[Provided data]:

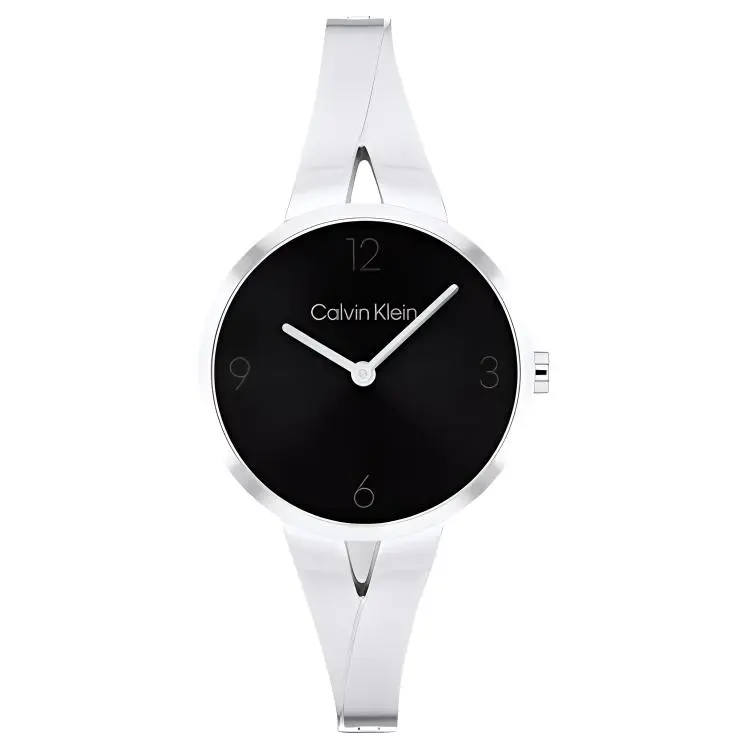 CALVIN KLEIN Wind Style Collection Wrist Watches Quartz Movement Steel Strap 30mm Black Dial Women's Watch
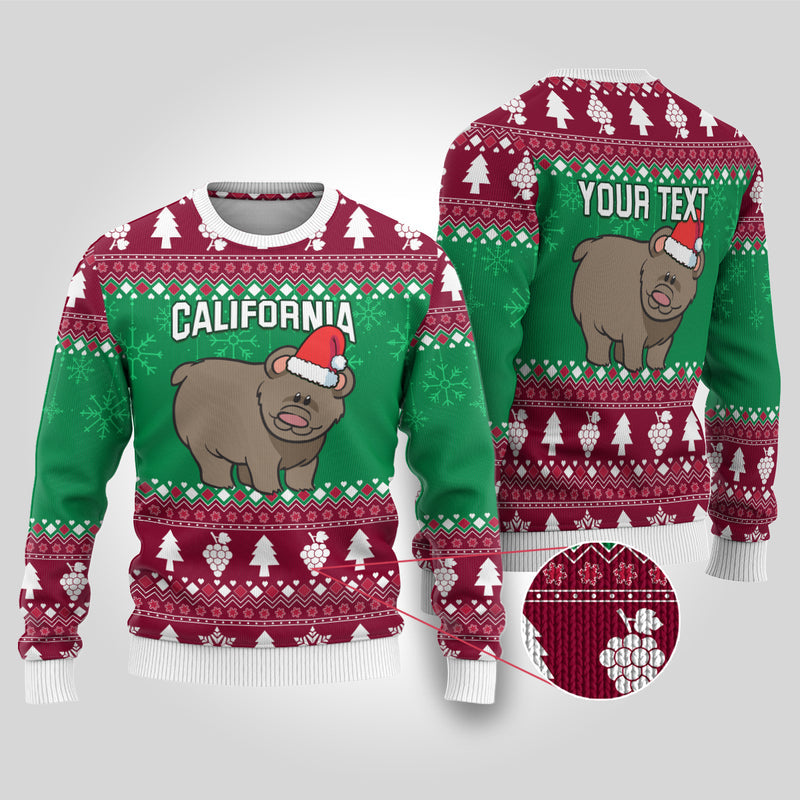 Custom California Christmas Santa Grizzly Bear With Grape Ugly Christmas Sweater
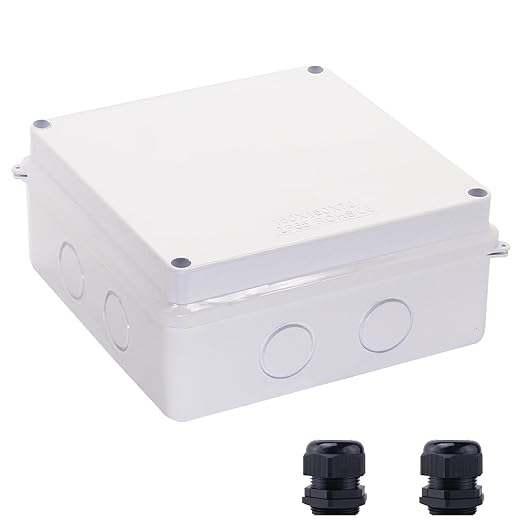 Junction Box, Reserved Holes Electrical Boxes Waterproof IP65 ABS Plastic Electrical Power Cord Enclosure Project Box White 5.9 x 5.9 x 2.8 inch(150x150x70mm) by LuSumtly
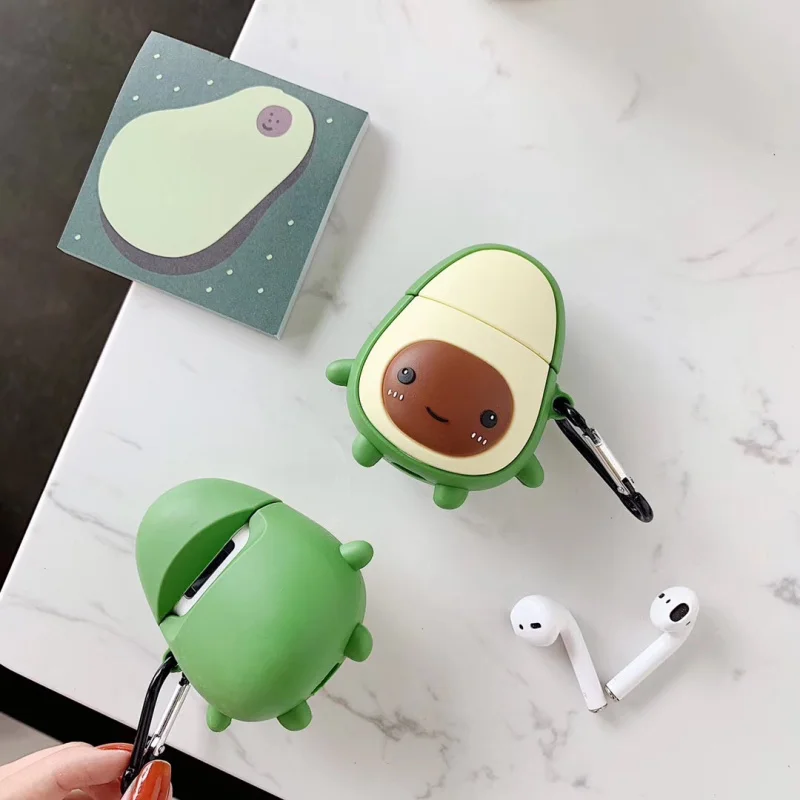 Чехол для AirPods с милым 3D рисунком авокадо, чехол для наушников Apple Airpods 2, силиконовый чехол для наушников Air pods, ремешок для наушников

---

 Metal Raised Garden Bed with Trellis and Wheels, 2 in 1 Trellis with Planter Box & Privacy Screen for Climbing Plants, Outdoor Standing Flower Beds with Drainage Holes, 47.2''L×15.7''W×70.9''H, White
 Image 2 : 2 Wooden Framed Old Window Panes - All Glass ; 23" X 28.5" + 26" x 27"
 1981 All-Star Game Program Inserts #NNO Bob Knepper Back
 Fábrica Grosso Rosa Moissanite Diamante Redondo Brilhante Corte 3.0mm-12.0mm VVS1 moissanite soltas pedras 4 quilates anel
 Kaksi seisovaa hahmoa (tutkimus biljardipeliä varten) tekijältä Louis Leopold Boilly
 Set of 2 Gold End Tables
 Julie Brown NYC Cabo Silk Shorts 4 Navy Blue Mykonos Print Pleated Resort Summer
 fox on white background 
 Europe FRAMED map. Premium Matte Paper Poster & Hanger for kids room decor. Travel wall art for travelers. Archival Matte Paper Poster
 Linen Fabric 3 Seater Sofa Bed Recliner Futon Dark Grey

--

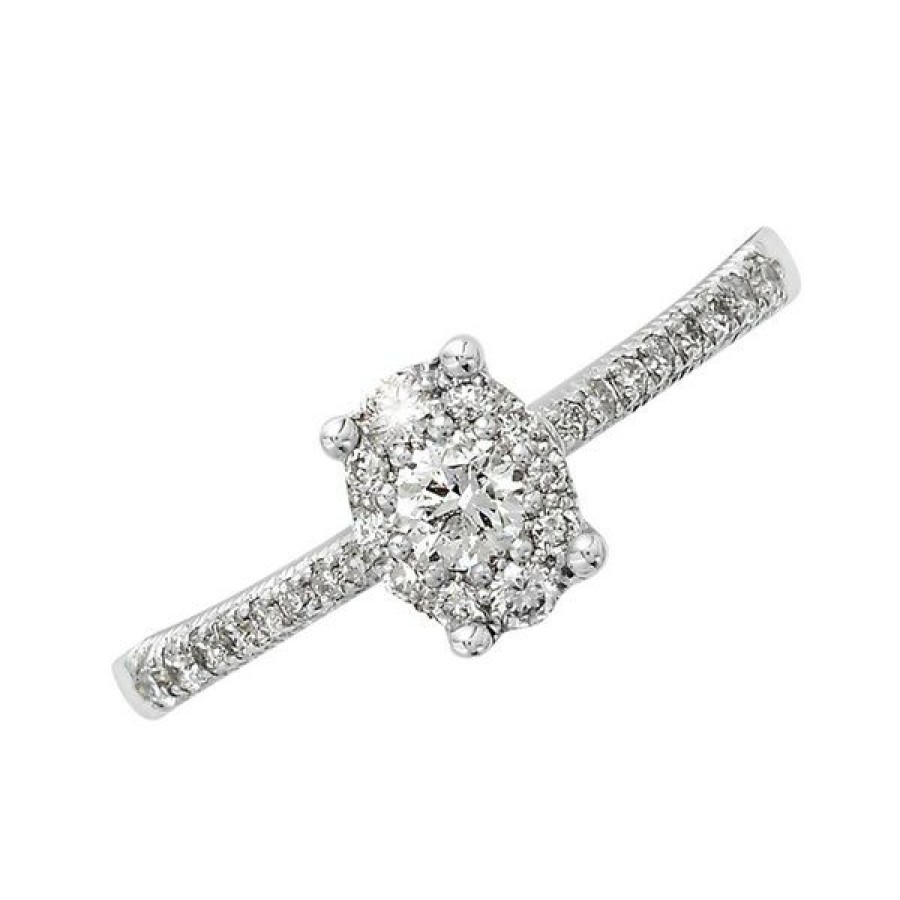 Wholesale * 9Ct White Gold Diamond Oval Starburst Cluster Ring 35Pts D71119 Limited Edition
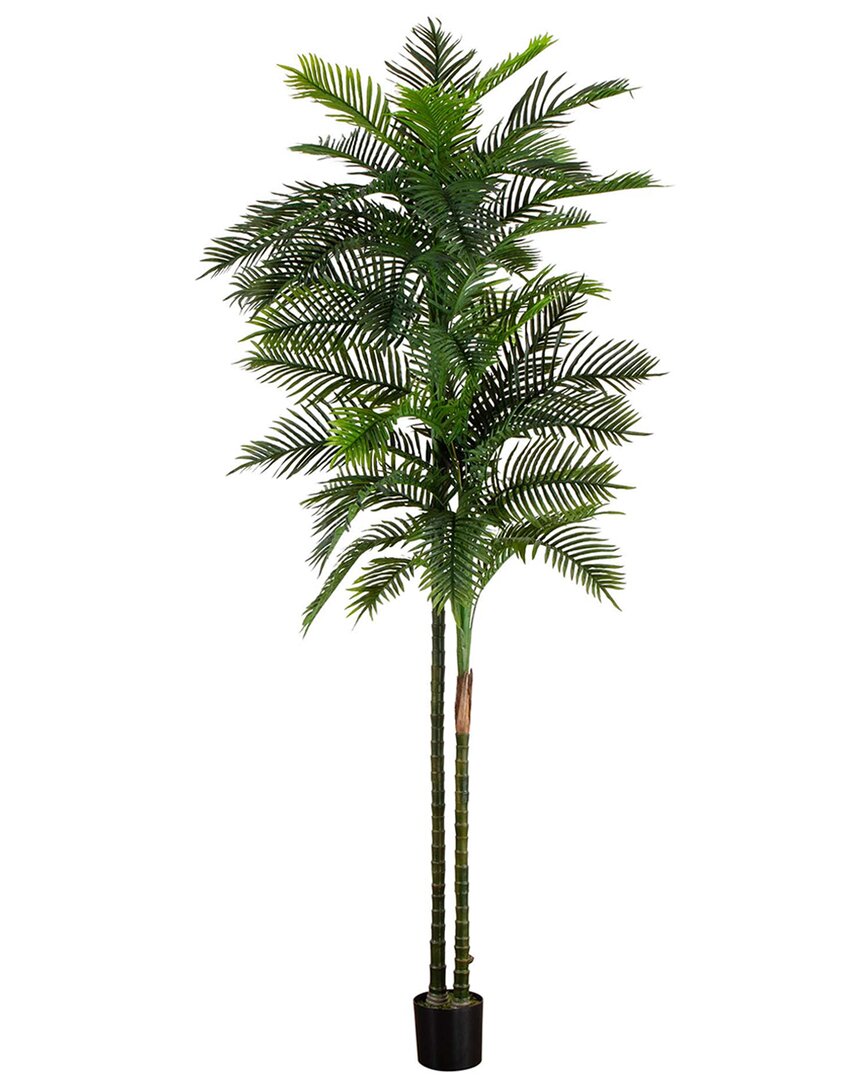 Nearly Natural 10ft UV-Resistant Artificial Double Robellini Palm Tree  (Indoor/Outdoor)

[What to produce]:
Whatever else the listing above holds, retype exactly only the lines from the one containing "Europe FRAMED map." to the one containing "Linen Fabric 3", both ends kept.

[Output]:
 Europe FRAMED map. Premium Matte Paper Poster & Hanger for kids room decor. Travel wall art for travelers. Archival Matte Paper Poster
 Linen Fabric 3 Seater Sofa Bed Recliner Futon Dark Grey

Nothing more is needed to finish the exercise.